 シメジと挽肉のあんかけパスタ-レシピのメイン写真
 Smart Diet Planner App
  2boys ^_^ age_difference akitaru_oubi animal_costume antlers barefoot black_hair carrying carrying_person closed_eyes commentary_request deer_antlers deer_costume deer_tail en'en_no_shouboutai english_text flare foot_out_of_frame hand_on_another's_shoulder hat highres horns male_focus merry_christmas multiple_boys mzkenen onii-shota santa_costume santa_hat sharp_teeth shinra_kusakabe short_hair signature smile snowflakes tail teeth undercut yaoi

==

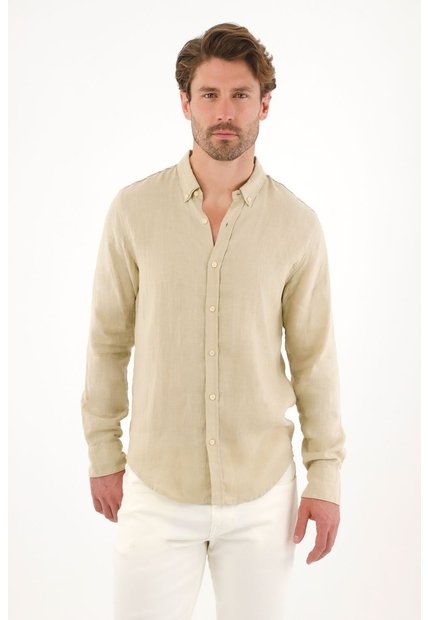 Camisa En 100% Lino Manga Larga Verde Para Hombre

TASK REQUIREMENTS |
Restate word for word the lines in the material above from the one with "シメジと挽肉のあんかけパスタ-レシピのメイン写真" to the one with "2boys ^_^ age_difference"; both of those lines count, and nothing else does.

TASK SOLUTION |
 シメジと挽肉のあんかけパスタ-レシピのメイン写真
 Smart Diet Planner App
  2boys ^_^ age_difference akitaru_oubi animal_costume antlers barefoot black_hair carrying carrying_person closed_eyes commentary_request deer_antlers deer_costume deer_tail en'en_no_shouboutai english_text flare foot_out_of_frame hand_on_another's_shoulder hat highres horns male_focus merry_christmas multiple_boys mzkenen onii-shota santa_costume santa_hat sharp_teeth shinra_kusakabe short_hair signature smile snowflakes tail teeth undercut yaoi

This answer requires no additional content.